If a compact oriented smooth spin manifold has dimension n ≡ 4 mod 8, or ν_{2}(n) = 2 exactly, then its signature is an integer multiple of 16.

===Other appearances===

A singly even number cannot be a powerful number. It cannot be represented as a difference of two squares. However, a singly even number can be represented as the difference of two pronic numbers or of two powerful numbers.

In group theory, it is relatively simple to show that the order of a nonabelian finite simple group cannot be a singly even number. In fact, by the Feit–Thompson theorem, it cannot be odd either, so every such group has doubly even order.

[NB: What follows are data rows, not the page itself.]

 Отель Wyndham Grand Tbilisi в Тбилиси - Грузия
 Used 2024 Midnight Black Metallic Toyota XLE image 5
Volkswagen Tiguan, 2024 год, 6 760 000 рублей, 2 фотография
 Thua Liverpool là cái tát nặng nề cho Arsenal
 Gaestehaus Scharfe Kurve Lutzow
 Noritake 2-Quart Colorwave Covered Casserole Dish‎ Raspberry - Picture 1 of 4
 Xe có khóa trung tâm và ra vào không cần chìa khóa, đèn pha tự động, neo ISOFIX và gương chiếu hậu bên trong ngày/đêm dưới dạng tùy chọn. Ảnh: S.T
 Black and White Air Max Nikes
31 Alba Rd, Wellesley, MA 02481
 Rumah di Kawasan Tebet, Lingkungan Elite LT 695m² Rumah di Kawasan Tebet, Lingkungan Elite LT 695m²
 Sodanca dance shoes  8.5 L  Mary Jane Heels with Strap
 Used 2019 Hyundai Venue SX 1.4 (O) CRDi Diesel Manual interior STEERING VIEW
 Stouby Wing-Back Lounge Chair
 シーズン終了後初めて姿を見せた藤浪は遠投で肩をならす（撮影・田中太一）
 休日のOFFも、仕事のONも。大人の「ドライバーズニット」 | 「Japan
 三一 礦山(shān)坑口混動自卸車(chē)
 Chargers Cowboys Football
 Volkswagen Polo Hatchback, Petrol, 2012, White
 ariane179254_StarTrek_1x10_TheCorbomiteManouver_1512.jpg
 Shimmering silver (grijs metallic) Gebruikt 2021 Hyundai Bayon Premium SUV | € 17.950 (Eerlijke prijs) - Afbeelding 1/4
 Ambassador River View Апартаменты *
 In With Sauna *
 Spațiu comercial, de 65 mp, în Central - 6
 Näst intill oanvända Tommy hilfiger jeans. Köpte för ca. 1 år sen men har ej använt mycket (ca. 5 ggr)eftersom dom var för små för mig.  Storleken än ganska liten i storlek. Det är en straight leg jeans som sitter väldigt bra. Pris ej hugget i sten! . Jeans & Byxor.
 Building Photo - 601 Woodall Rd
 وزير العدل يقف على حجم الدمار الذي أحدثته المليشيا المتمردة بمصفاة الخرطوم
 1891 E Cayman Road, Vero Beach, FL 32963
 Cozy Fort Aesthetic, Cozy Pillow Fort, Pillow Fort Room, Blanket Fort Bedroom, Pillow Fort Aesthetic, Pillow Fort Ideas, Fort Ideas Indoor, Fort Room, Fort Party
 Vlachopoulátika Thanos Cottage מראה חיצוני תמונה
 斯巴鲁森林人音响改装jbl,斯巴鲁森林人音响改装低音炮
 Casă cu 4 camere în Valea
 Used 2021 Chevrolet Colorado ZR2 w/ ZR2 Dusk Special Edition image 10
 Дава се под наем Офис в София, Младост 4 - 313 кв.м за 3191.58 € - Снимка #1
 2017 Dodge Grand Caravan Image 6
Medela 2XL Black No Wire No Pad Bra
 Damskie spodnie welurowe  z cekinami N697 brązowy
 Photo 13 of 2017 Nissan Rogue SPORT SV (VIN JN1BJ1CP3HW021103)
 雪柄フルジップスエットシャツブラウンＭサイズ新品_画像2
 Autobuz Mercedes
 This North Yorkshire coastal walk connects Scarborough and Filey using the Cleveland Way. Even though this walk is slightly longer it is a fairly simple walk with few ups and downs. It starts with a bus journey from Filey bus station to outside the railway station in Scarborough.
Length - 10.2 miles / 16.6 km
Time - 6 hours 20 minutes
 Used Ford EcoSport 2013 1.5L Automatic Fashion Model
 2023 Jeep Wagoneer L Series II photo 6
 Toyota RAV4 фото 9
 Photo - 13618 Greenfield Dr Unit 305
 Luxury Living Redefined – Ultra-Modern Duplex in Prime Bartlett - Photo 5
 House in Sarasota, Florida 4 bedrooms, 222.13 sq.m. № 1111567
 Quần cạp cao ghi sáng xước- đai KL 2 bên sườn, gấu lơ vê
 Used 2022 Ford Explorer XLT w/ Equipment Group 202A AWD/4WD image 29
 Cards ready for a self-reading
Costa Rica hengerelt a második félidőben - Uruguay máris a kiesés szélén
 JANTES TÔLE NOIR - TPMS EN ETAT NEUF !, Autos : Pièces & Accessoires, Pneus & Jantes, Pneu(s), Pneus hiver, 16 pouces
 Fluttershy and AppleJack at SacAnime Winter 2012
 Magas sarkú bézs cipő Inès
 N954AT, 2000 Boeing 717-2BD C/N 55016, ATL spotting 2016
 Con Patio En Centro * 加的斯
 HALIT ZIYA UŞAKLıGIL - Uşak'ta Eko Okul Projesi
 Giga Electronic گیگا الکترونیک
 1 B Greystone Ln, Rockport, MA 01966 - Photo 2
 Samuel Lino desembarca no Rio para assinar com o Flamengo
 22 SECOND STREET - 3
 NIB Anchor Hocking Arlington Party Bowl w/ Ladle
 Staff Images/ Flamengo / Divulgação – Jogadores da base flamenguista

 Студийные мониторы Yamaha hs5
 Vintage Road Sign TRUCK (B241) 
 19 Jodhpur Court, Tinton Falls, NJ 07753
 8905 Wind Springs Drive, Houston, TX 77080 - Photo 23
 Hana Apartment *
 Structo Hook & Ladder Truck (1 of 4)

Lambert's continued fraction for the tangent function gives the following simple continued fraction involving the positive singly even numbers:

$\tanh \frac{1}{2} = \frac{e - 1}{e + 1} = 0 + \cfrac{1}{2 + \cfrac{1}{6 + \cfrac{1}{10 + \cfrac{1}{14 + \cfrac{1}{\ddots}}}}}$

This expression leads to similar representations of e.

In organic chemistry, Hückel's rule, also known as the 4n + 2 rule, predicts that a cyclic π-bond system containing a singly even number of p electrons will be aromatic.

==Related classifications==
Although the 2-order can detect when an integer is congruent to 0 (mod 4) or 2 (mod 4), it cannot tell the difference between 1 (mod 4) or 3 (mod 4). This distinction has some interesting consequences, such as Fermat's theorem on sums of two squares.